- By increasing the noise control process, DBFV facilitates the use of deeper circuits before expensive bootstrapping is necessary.
- Fhenix plans to implement DBFV as a core feature of its infrastructure later this year, deploying pure cryptography to solve a barrier that many believe could never be overcome.
Fhenix, a pioneering developer of encrypted smart contracts using fully homomorphic encryption (FHE), has set a new milestone for blockchain privacy with the creation of its advanced Decomposed BFV technology. It is a remarkable new cryptographic technique that will transform the performance and scalability of precise FHE schemes and enable robust, high-throughput, privacy-preserving computation for real-world applications.
FHE makes it possible to perform computations on encrypted data without ever having to decrypt it. It holds great promise in data privacy, enabling the secure processing and analysis of sensitive information. Nevertheless, FHE has not yet fulfilled this promise because the technology has always been limited by a major performance barrier, namely the catastrophic growth of computational costs and the noise of performing arithmetic operations on large numbers.
Due to the need for impeccable accuracy, precise schemes such as BFV and BGV – which are crucial for computing financial logic – pose a particularly serious scaling problem for FHE. As plaintext numbers increase, noise control costs rise rapidly, making high-volume systems unworkable in the real world.

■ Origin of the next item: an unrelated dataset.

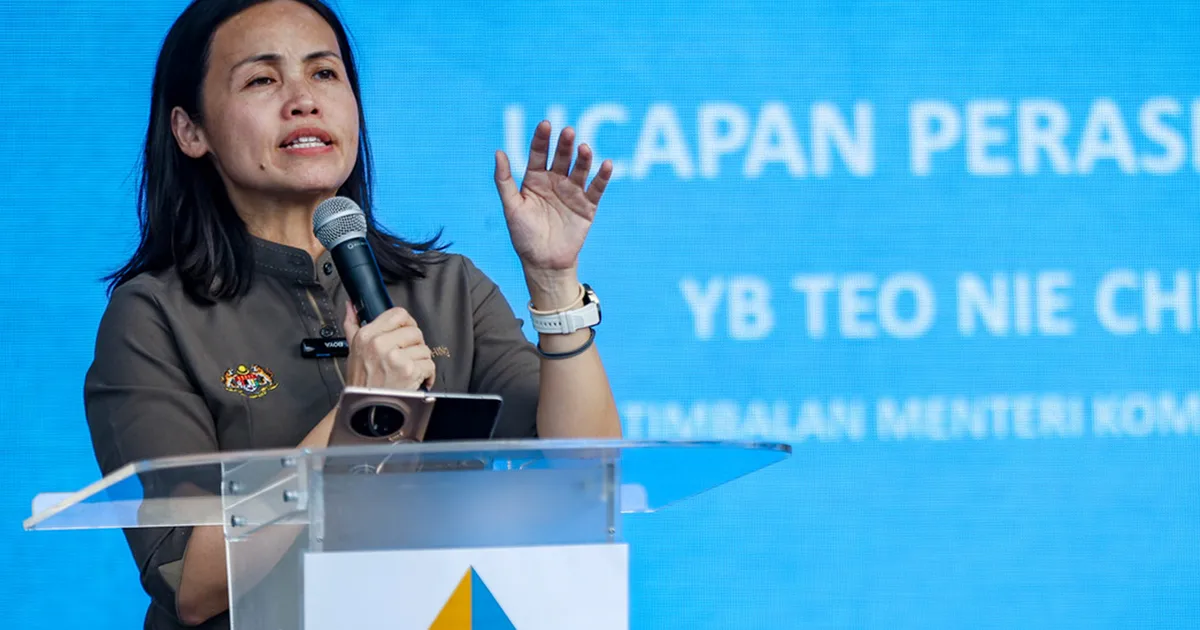 DAP Deputy Minister Teo Accuses Critics of Coordinated Social Media Campaign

Accelerated computational throughput
Fhenix’s DBFV marks a paradigm shift for coded arithmetic. DBFV significantly increases the performance and scalability of FHE by breaking down discrete, massive plaintext data into smaller, independently managed BFV ciphertexts, or “limbs,” during the encryption process.
For years it was simply not possible to perform accurate FHE on larger numbers. Even though the calculation was accurate, when developers ran production workloads in the real world, they quickly hit a performance wall. The significant startup costs made it infeasible for any application.
By increasing the noise control process, DBFV facilitates the use of deeper circuits before expensive bootstrapping is necessary. It controls the noise more effectively over many ‘limbs’, increasing the useful depth of computation. Although certain operations such as multiplication become slightly more expensive compared to regular BFV, avoiding frequent bootstrapping by DBFV significantly reduces the overall computational cost of noise recovery. For the first time, it enables the cost-effective processing of persistent encrypted workloads, making FHE practical for decentralized financial protocols and enterprise-level blockchain applications.
DBFV will facilitate the creation of a new generation of FHE applications that require speed and accuracy, including financial logic, stateful applications and high-volume data aggregation.
Fhenix plans to implement DBFV as a core feature of its infrastructure later this year, deploying pure cryptography to solve a barrier that many believe could never be overcome. By redefining the relationship between accuracy, noise, and circuit depth, FHE will become a deployable reality and enable developers to create complex, privacy-preserving financial applications without compromising precise performance.
The research and development company Fhenix is at the forefront of fully homomorphic encryption (FHE) for encrypted smart contracts. Starting with a laser focus on Private DeFi, Fhenix is developing the infrastructure to deliver FHE everywhere – allowing developers, institutions and consumers to design and use financial apps without sacrificing confidentiality or composability.